Through the Presidential Initiative for Agricultural Production and Food Self-Sufficiency (IP-P3A), led by the National Office for Major Burkinabe Projects (BN-GPB), a new generation of Volunteers for the Defense of the Homeland (VDP) is mobilizing on a different front: that of production, courage, and collective work.
These agricultural VDPs, coming from diverse backgrounds, embody a refounded citizenship.
Their mission goes beyond the simple cultivation of corn, cowpeas, or rice. It reflects a political will to rebuild the nation from its foundations.
Through their commitment, they remind us that the defense of the territory is not only waged in combat zones, but also in the fields, where the decisive battle for self-sufficiency and dignity is fought.
By relying on the land, the State is giving new meaning to local production and rebuilding the economy from the ground up.
This massive return to the land reveals a societal choice: that of food sovereignty as the bedrock of political sovereignty. Burkina Faso is breaking with imported dependency and turning towards its own resources.
In this approach, the link between the Sankarist legacy and Captain Traoré’s vision becomes clear. Production becomes an act of national liberation. After the weapons of defense, here are the tools of the hoe: sovereignty is now cultivated as much in the fields as on the front lines.
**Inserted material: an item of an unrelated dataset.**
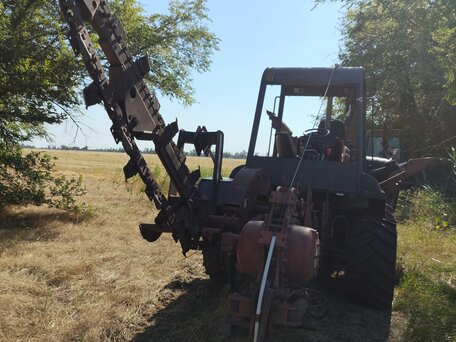2004 DitchWitch Траншеекопатель, красный, 4850000 рублей, вид 1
Yet, this refoundation through the land would be nothing without the youth. A new generation of Burkinabe is reinventing its relationship with the country.
They choose to build rather than to leave, to sow rather than to complain. Trained in both civic discipline and technical rigor, this youth is transforming into a productive and patriotic force.
Everywhere, from the villages of Kuilsé to those of Nazinon, populations welcome this initiative.
They see in it not only an answer to hunger but a sign of national rebirth. On every cultivated plot, a part of the Faso’s refoundation is at play that of a people who, by cultivating their land, are also cultivating their future.